Real-time adjustment of the properties of the intradermaly administrated drug 110 during subcutaneous delivery, can be advantageous particularly due to the dynamic changes in the properties (e.g. temperature, blood flow rate) of the skin tissue 138 and circulatory system 150 in accordance with the body's physiological condition (e.g. physical activity, illness). Accordingly the pharmacokinetic and/or pharmacodynamics profile of the drug 110 can be controlled and maintained at a desired profile.

In some embodiments, the treatment element 160 can be applied in combination with other methods for increased bold perfusion. Such a method can include use of a pharmaceutical or agent, such as the recombinant Human Hyaluronidase, for example.

In some embodiments, the treatment element 160 can include a non-pharmaceutical treatment. In a non-limiting example, this treatment may comprise an electrical or mechanical stimulus. There may be an advantage in applying a non-pharmaceutical treatment, since there is no requirement to ensure that the applied treatment is compatible with the drug 110 and there is no risk in the combination thereof.
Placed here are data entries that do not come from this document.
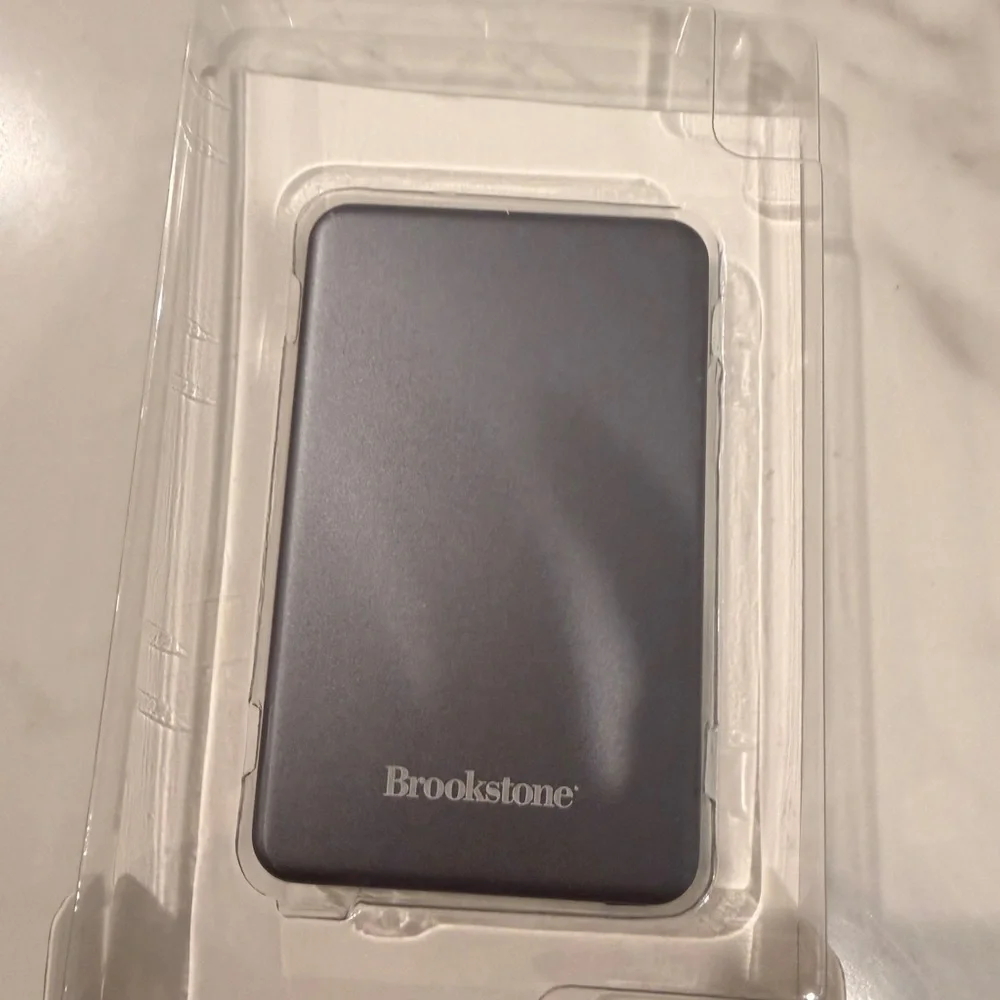 Brookstone Black Slim MagSafe Charger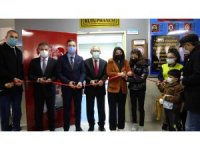 Bilgili Kozan’da kütüphane ve robotik kodlama sınıfı açtı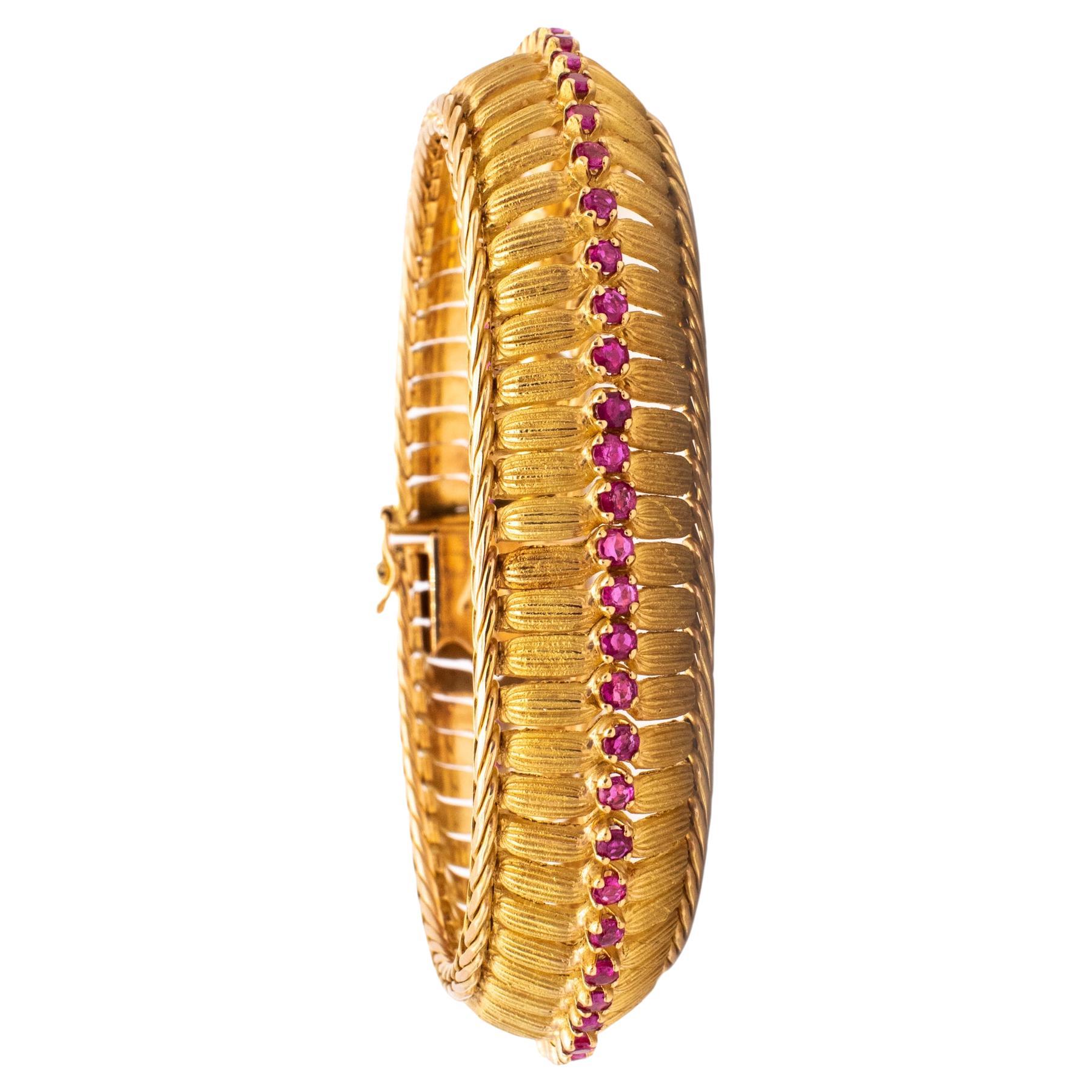 Italy Torino 1955 Designer Flexible Bracelet in Solid 18Kt Gold 6.25 Cts Rubies For Sale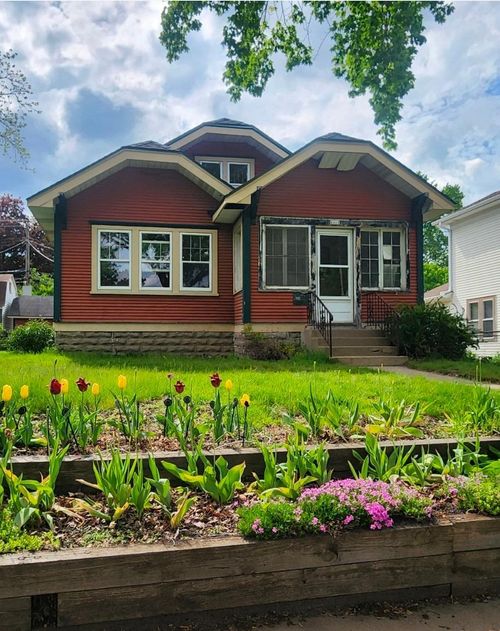 4415 Queen Ave N, Minneapolis, MN, 55412-1136 | Card Image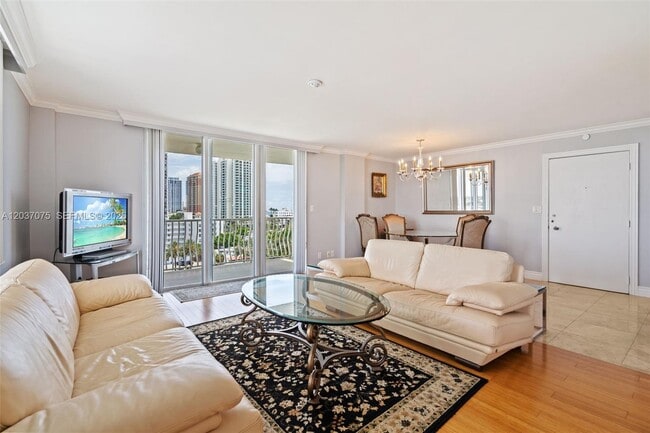 Building Photo - 1 Las Olas Cir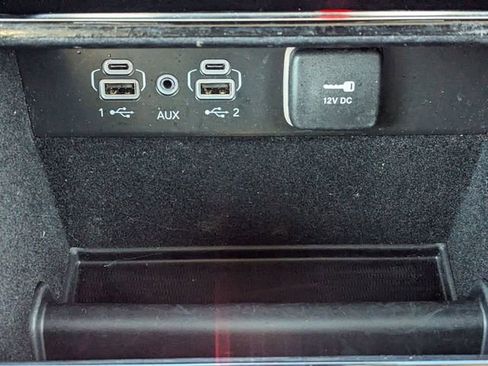 Certified 2022 Jeep Grand Cherokee Limited image 19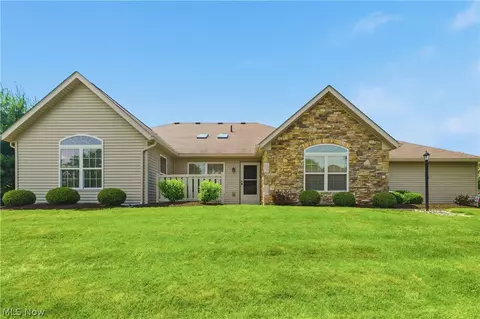 3038 Mahogany Run Cir NW, North Canton, OH 44720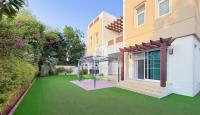 Villa per 1 634 260 euro a Dubai, EAU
In some embodiments, the drug delivery site 136 can be a tissue deeper than the subcutaneous tissue layer 118, such as within any organ or viscera and the treatment element 160 may be configured to apply additional treatment or stimulation to the vicinity of the drug delivery site 136, as described above.

In some embodiments the drug delivery system 100 can comprise further mechanical and/or electrical components and connections.

Communication between the sensor 400, the controller 410 and any other components of the treatment element 160 or a component of the drug delivery system 100 can be provided in any suitable manner. In some embodiments, the communication can be wired and provided through electrical connections. In some embodiments, the communication can be wireless via an analog short range communication mode, or a digital communication mode including WIFI or BLUETOOTH®. Additional examples of such communication can include a network. The network can include a local area network (“LAN”), a wide area network (“WAN”), or a global network, for example. The network can be part of, and/or can include any suitable networking system, such as the Internet, for example, and/or an Intranet. Generally, the term “Internet” may refer to the worldwide collection of networks, gateways, routers, and computers that use Transmission Control Protocol/Internet Protocol (“TCP/IP”) and/or other packet based protocols to communicate therebetween.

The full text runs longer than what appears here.